水槽

 筆者は1951年、神戸海洋気象台の官舎で生まれた。官舎と言っても木造の長屋で、筆者の母によると「水槽官舎」と呼ばれていたようだ。正式な名称かどうかはわからない。ただ、その跡地には今も写真のような水槽らしき遺構がある。
 かつて日高らの居た頃、ここには実験用の水槽があったものを、その上に長屋を建てて官舎として供したのであろう。
 その官舎は筆者の少年時代には独身寮として使われていたが、その少し以前、戦後から筆者が生まれた頃までは、筆者の父を含む家族持ちの職員が住んでいたようだ。筆者の他にも数人の子供がここで生まれている。

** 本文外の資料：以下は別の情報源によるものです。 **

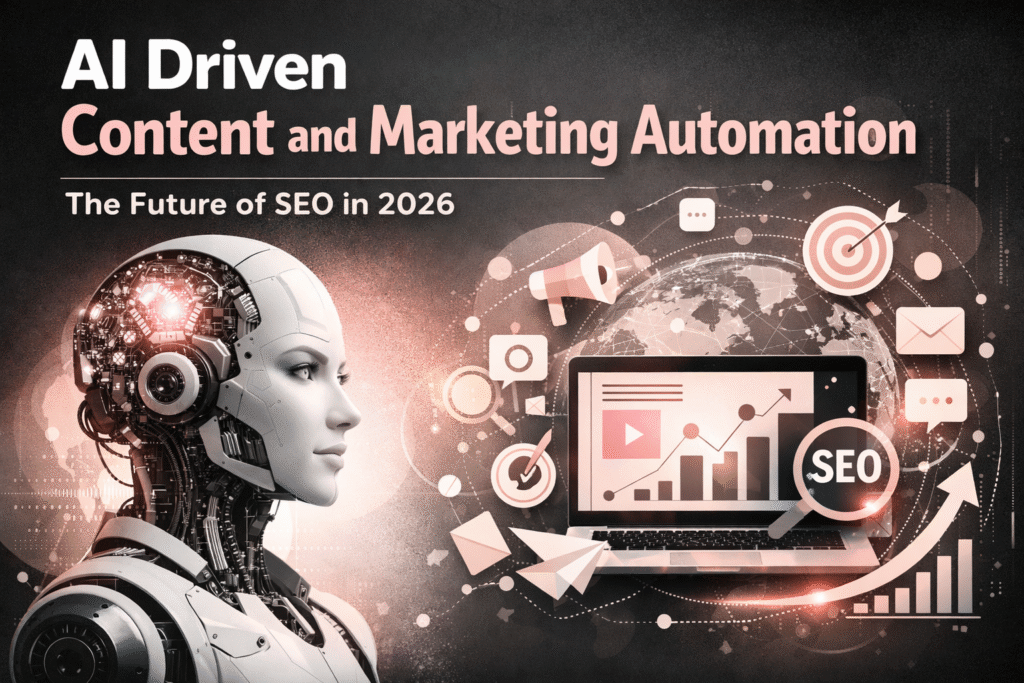 AI robot next to a laptop showing SEO and marketing icons, representing AI driven content and marketing automation for 2026.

 日高「海洋学との四十年」によれば、神戸時代の日高は官舎に女中の他に家政婦も雇ったという。これはご妻女が病気であったという特殊事情もあったろうが、やはり戦前の東京帝国大学卒業の学士サマならではであろう。筆者の生まれ育った官舎は質素なものだった。ただ、質素ながらも、お隣には後に東海大学教授となられた渡辺貫太郎さんのような方も住んでおられたようである。戦後のモノのない時代に、壁一枚で隔てられた渡辺さんの部屋の「電蓄」からはベートーヴェンの「第九」が響いていたという。筆者が柄にもなくクラシック音楽好きなのはこのときの胎教であろう。貧乏長屋というのは他人の DNAにまで影響を及ぼすのかも知れない。